WHAT IS REQUIRED: Lines that include "with" make up the answer; copy all of them from the data below.

EXERCISE INPUTS:
#####
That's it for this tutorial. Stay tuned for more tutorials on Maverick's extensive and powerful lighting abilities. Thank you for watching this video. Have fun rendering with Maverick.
#####
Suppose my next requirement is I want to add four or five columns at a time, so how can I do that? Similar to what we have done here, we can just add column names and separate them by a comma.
#####
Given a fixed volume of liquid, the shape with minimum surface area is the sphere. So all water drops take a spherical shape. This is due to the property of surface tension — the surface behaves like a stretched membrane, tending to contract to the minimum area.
#####
SOLUTION TO THIS PROBLEM:
That's it for this tutorial. Stay tuned for more tutorials on Maverick's extensive and powerful lighting abilities. Thank you for watching this video. Have fun rendering with Maverick.
Given a fixed volume of liquid, the shape with minimum surface area is the sphere. So all water drops take a spherical shape. This is due to the property of surface tension — the surface behaves like a stretched membrane, tending to contract to the minimum area.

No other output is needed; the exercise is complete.